- _EXERCISE OBJECTIVE_
Go to the line holding "Продажа 1-комн квартиры" in the entries below and write out exactly every line down to and including the line holding "Captain Canuck Cosplay".

-- DATASET EXCERPTS follows --

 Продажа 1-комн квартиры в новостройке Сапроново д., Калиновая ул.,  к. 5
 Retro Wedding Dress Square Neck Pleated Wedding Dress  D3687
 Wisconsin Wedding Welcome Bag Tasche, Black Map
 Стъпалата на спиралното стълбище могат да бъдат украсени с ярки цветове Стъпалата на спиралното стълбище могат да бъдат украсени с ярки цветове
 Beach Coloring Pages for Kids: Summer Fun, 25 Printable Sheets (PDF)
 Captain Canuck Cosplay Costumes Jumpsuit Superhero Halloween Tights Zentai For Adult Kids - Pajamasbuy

-- DATASET EXCERPTS concluded --
-- DATASET EXCERPTS follows --

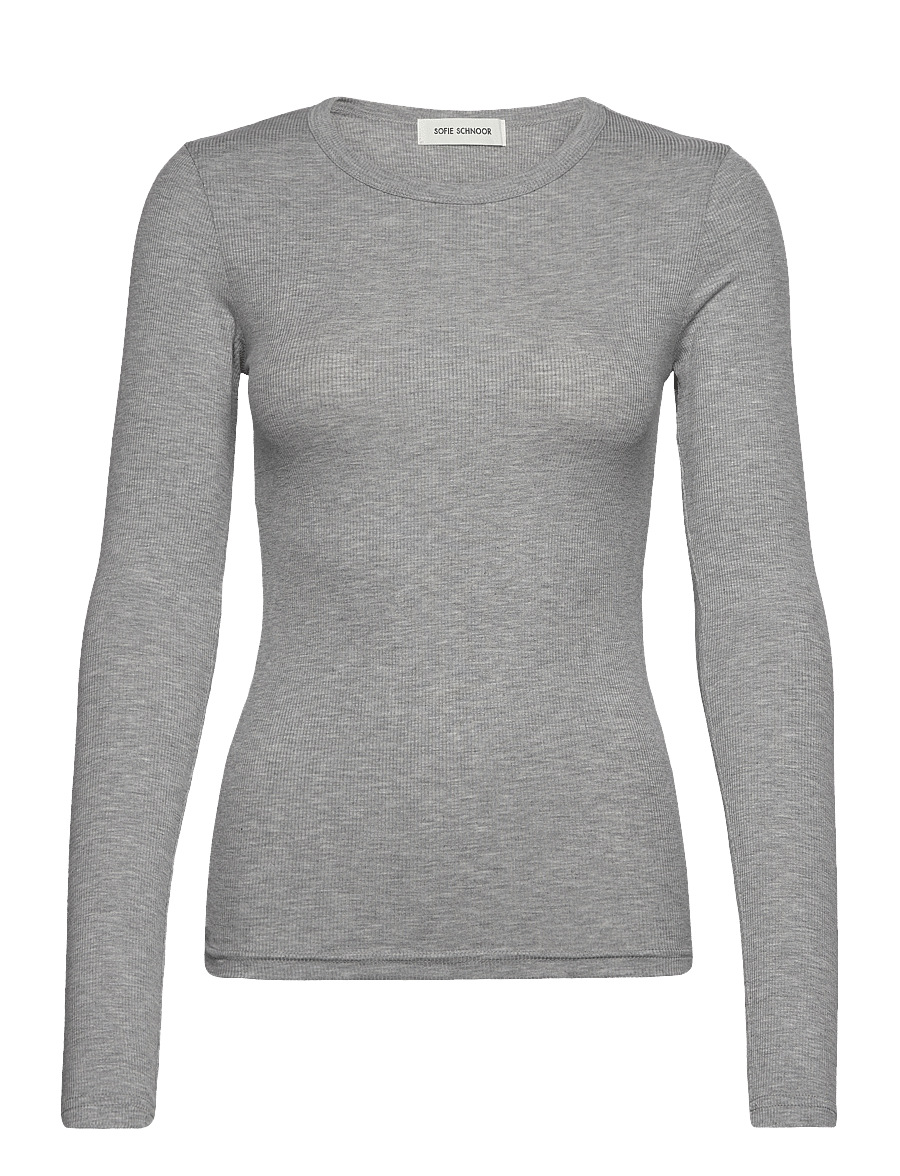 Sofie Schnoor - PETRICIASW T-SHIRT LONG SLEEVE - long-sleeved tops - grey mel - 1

-- DATASET EXCERPTS concluded --

- _RESPONSE BELOW_
 Продажа 1-комн квартиры в новостройке Сапроново д., Калиновая ул.,  к. 5
 Retro Wedding Dress Square Neck Pleated Wedding Dress  D3687
 Wisconsin Wedding Welcome Bag Tasche, Black Map
 Стъпалата на спиралното стълбище могат да бъдат украсени с ярки цветове Стъпалата на спиралното стълбище могат да бъдат украсени с ярки цветове
 Beach Coloring Pages for Kids: Summer Fun, 25 Printable Sheets (PDF)
 Captain Canuck Cosplay Costumes Jumpsuit Superhero Halloween Tights Zentai For Adult Kids - Pajamasbuy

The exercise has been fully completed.